Module 17 Complex data types in experimental data pre-processing

Raw data from many biomedical experiments, especially those that use high-throughput techniques, can be large and complex. As Vince Buffalo notes in an article on bioinformatics data skills:

“Right now, in labs across the world, machines are sequencing the genomes of the life on earth. Even with rapidly decreasing costs and huge technological advancements in genome sequencing, we’re only seeing a glimpse of the biological information contained in every cell, tissue, organism, and ecosystem. However, the smidgen of total biological information we’re gathering amounts to mountains of data biologists need to work with. At no other point in human history has our ability to understand life’s complexities been so dependent on our skills to work with and analyze data.”³¹³

In previous modules, we have gone into a lot of detail about advantages of the tidyverse approach. However as you work with biomedical data, you may find that it is unreasonable to start with a tidyverse approach from the first steps of pre-processing the data. This is particularly the case if you are working with data from complex research equipment, like mass spectrometers and flow cytometers.

It can be frustrating to realize that you can’t use your standard tools in some steps of working with the data you collect in your experiments. For example, you may have taken an R course or workshop, and be at the point where you are starting to feel pretty comfortable with how to use R to work with standard datasets. You can feel like you’re starting at square one when you realize that approach won’t work for some steps of working with the data you’re collecting for your own research.

This module aims to help you navigate this process. In particular, it is helpful to understand how the Bioconductor approach differs from the tidyverse approach, to start developing a framework and tools for navigating both approaches.

The primary difference between the two approaches is how the data objects are structured. When you work with data in R, it is kept in an “object”, which you can think of as a structured container for the data. In the tidyverse approach, the primary data container is the dataframe. A dataframe is made up of a set of object types called vectors: each column in the dataframe is a vector. Therefore, to navigate the tidyverse approach, the only data structures you need to understand well are the dataframe structure and the vector structure. Tools in the tidyverse use these simple structures over and over.

By contrast, the Bioconductor approach uses a collection of more complex data containers. There are a number of reasons for this, which we’ll discuss in this module.

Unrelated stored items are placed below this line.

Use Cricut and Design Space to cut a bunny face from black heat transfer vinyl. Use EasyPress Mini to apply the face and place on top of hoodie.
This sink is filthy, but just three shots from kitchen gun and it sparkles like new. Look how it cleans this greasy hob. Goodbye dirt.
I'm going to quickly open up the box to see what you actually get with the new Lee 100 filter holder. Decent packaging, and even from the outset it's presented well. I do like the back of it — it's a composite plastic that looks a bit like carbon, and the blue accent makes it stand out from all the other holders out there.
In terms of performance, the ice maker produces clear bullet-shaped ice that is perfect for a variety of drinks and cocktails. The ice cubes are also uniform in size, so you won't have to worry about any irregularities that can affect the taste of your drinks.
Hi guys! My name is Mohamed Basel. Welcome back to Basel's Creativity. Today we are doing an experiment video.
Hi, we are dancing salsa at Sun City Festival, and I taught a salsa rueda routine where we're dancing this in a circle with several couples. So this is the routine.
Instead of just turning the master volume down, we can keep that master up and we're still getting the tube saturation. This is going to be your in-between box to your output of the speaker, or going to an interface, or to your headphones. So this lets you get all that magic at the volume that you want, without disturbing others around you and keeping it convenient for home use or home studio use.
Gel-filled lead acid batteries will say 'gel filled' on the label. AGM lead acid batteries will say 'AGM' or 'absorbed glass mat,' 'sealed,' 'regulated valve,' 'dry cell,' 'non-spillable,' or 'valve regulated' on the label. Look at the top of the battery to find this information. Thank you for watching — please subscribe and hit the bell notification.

As a note, it is possible that in the near future, all steps of even complex pipelines will be manageable with a tidyverse approach. More R developers are embracing the tidyverse approach and making tools and packages within its framework. In some areas with complex data, there have been major inroads to allow a tidyverse approach throughout the pipeline even when working with complex data. We’ll end the module by discussing these prospects.

Objectives. After this module, the trainee will be able to:

Explain why R software for pre-processing biomedical data often stores data in complex, “untidy” formats
Describe how these complex data formats can create barriers to laboratory-based researchers seeking to use reproducibility tools for data pre-processing
Explain how the tidyverse and Bioconductor approaches differ in the data structures they use

17.1 How the Bioconductor and tidyverse approaches differ

The heart of the difference between the tidyverse and Bioconductor approaches comes down to how data are structured within pipelines. While there are more differences than this one, most of the other differences result from this main one.

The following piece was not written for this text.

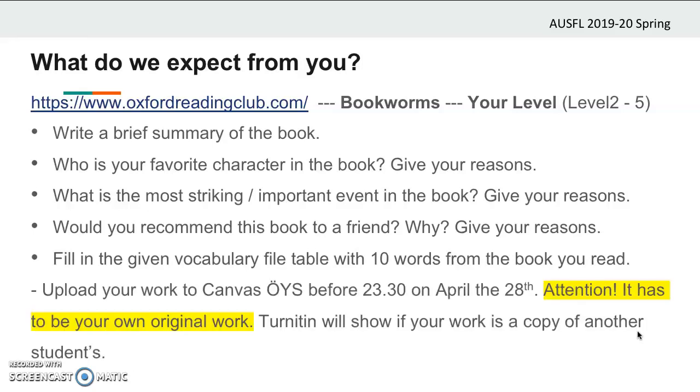Once your book report is done, you will upload your work to Canvas before 23:30 on April 28th. Attention! It has to be your own original work. Turnitin will show us if your work is a copy of another student's by scanning all the other summaries uploaded in the system. If any matching occurs, your work will be treated as a copy.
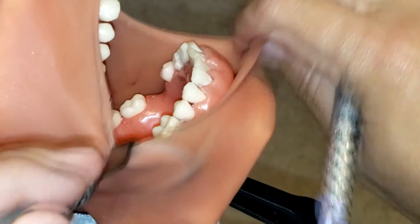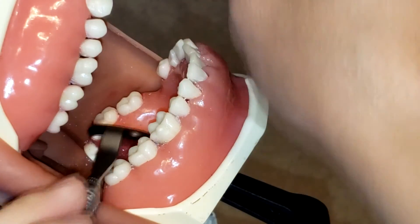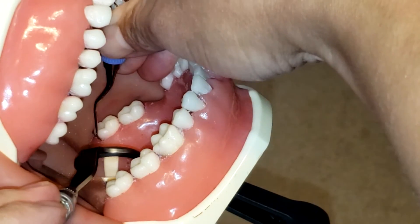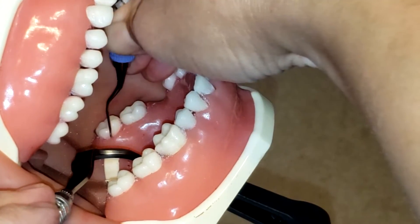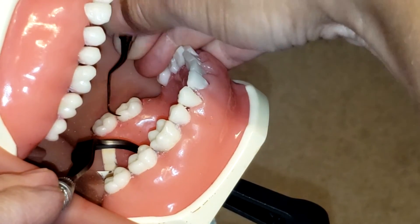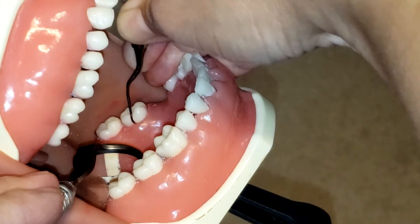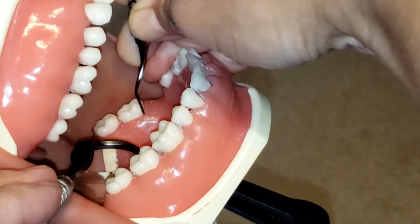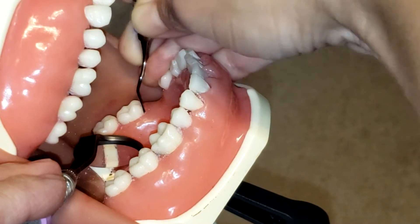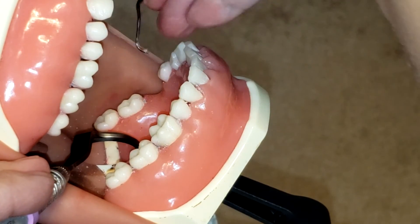Now I'm going to show you how to use this instrument on the lower left molars. Again, you start at the distal line angle and go all the way in proximally. Remember, the col is very important when you go into that interproximal space, because that is where you mostly tend to leave calculus behind. You can see how I'm creating that 70 to 80 degree angulation — tilting the instrument and rocking on my fulcrum — that is what's needed to remove the calculus, especially from that col.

As we’ve described in detail in modules 3 and 16, in the tidyverse approach, data are stored throughout the pipeline in a dataframe structure. These dataframes are composed of a data structure called a vector. Vectors make up the columns of a dataframe. Almost every function in the tidyverse, therefore, is designed to input either a dataframe or a vector. And almost every function is designed to output the same type of data container (dataframe or vector) that it inputs. As a result, the tidyverse approach allows you to combine functions in different orders to tackle complex processes through a chain of many small steps.

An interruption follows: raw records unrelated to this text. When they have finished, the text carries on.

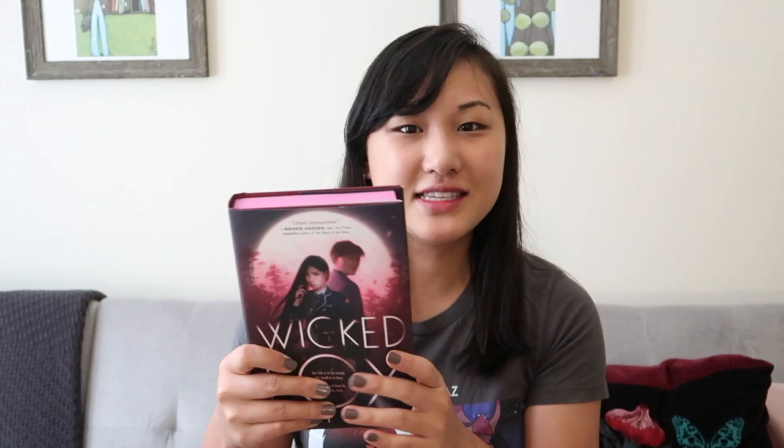Hi! Welcome back to my channel. Today I'm going to do a DIY painting the edges of your book on my own book, Vicious Spirits. You might be wondering what I mean by that — this is my first book, Wicked Fox.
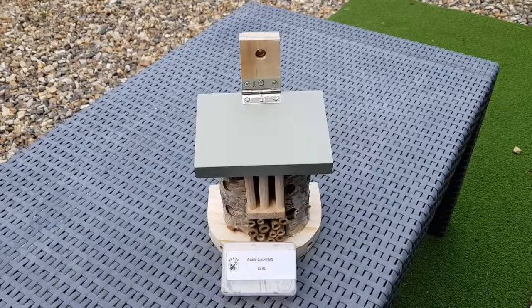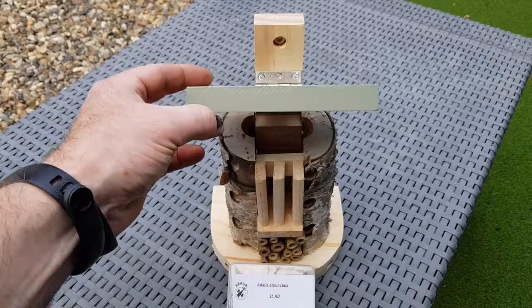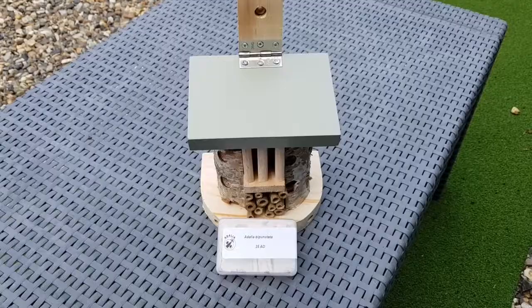Our ladybird barn is a ladybird house that's ideal for releasing adult ladybirds into. Green Gardener supplies adult ladybirds in tubes of 25, and the ladybird barn features a hinged roof. So once it's in position, you can simply add the ladybirds and watch as they emerge.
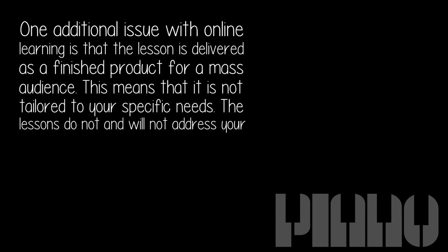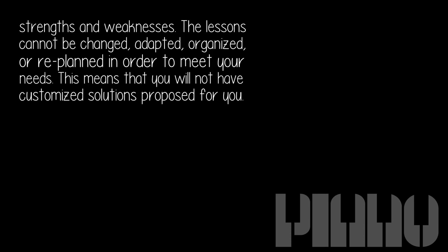One additional issue with online learning is that the lesson is delivered as a finished product for a mass audience. This means it is not tailored to your specific needs. The lessons do not and will not address your strengths and weaknesses — they cannot be changed, adapted, organized, or re-planned in order to meet your needs, and you will not have customized solutions proposed for you.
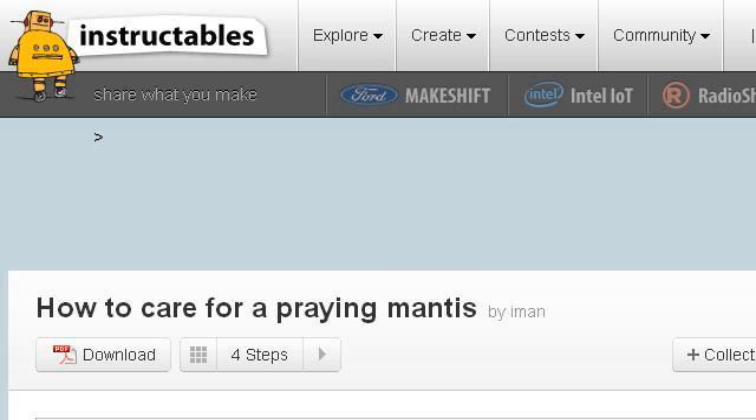The most helpful site to learn about how to help a praying mantis moult is www.instructables.com. See the page titled How to Care for a Praying Mantis, Instructables.com. Here's the link.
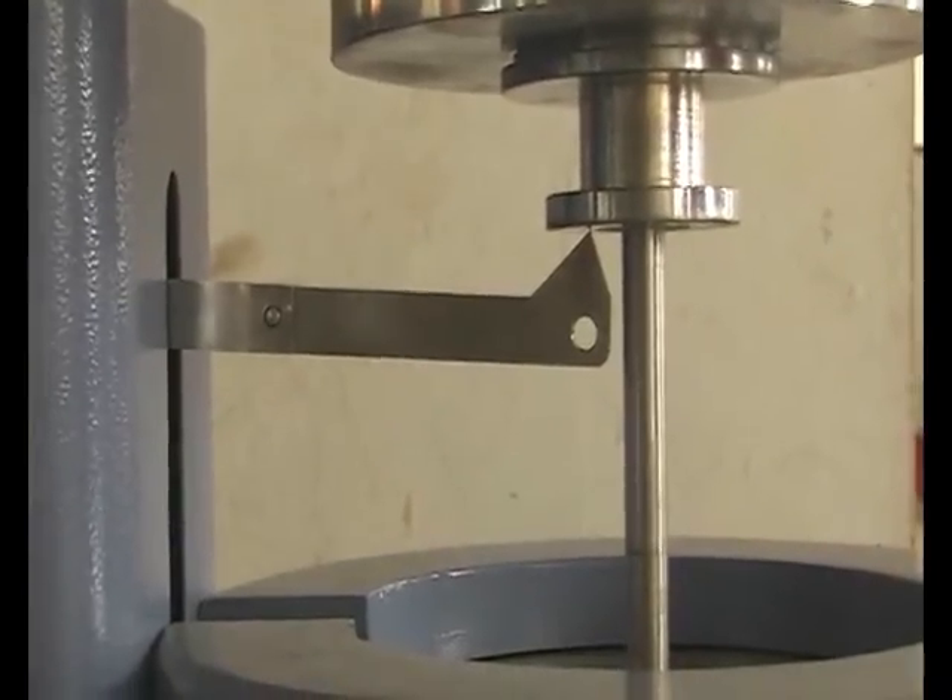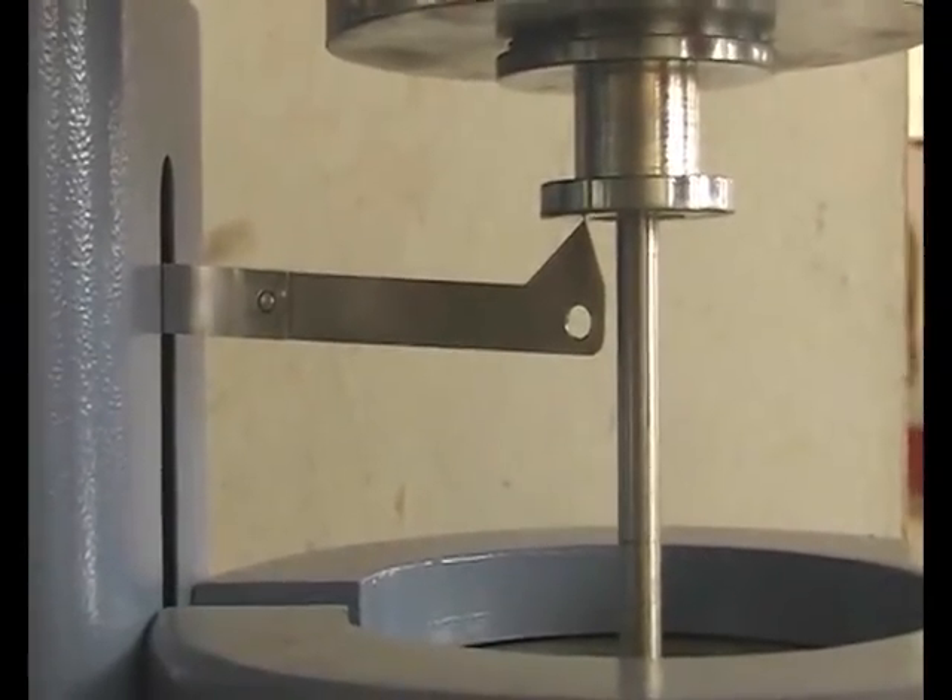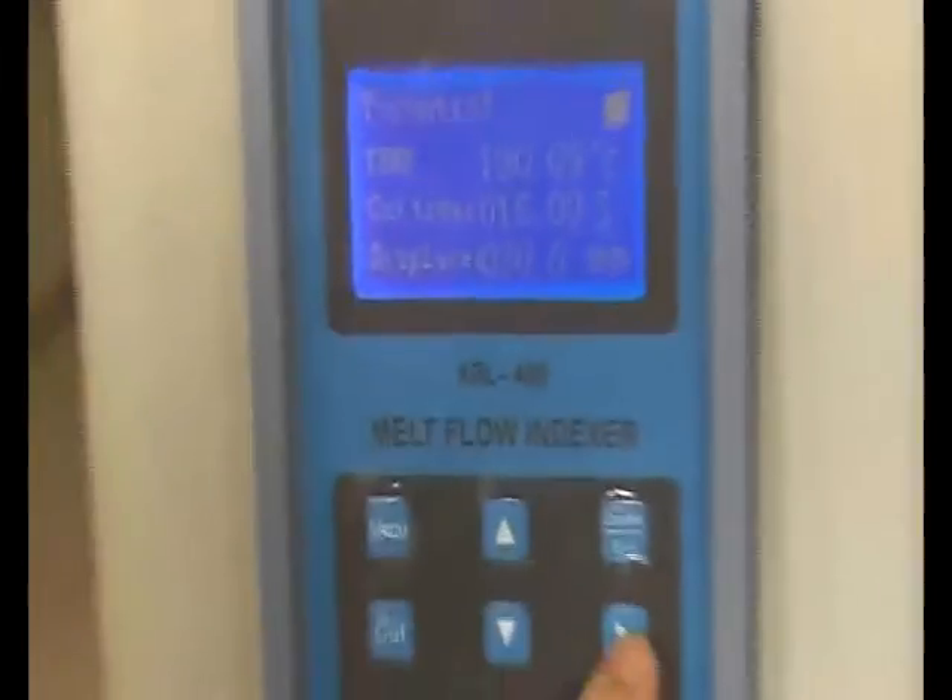There will be a stop signal on the screen when the test is finished. Now you can press the right key to proceed.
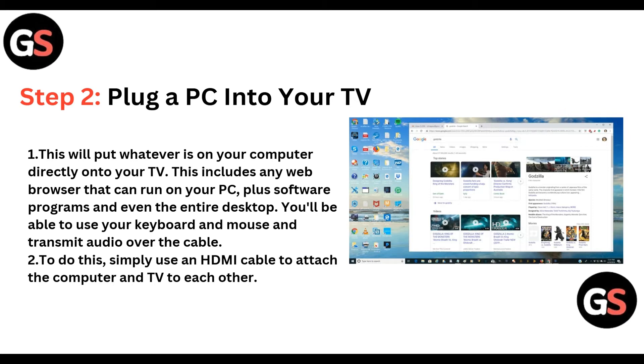Step two: plug a PC into your TV. This will put whatever is on the computer directly onto your TV. If your PC has the Brave Browser, it will automatically display Brave Browser on your TV. Software programs and even the entire desktop will appear on your TV, and you will be able to use your keyboard and mouse and transmit audio over the cable.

By contrast, most packages in Bioconductor use more complex data structures to store data. Often, a Bioconductor pipeline will use different data structures at different points in its pipeline. For example, your data might be stored in one type of a data container when it’s read into R, and another type once you’ve done some pre-processing.

As a result, with the Bioconductor approach, there will be more types of data structures that you will have to understand and learn how to use. Another result is that the functions that you use in your pipeline will often only work with a specific data structure. You therefore will need to keep track of which type of data structure is required as the input to each function.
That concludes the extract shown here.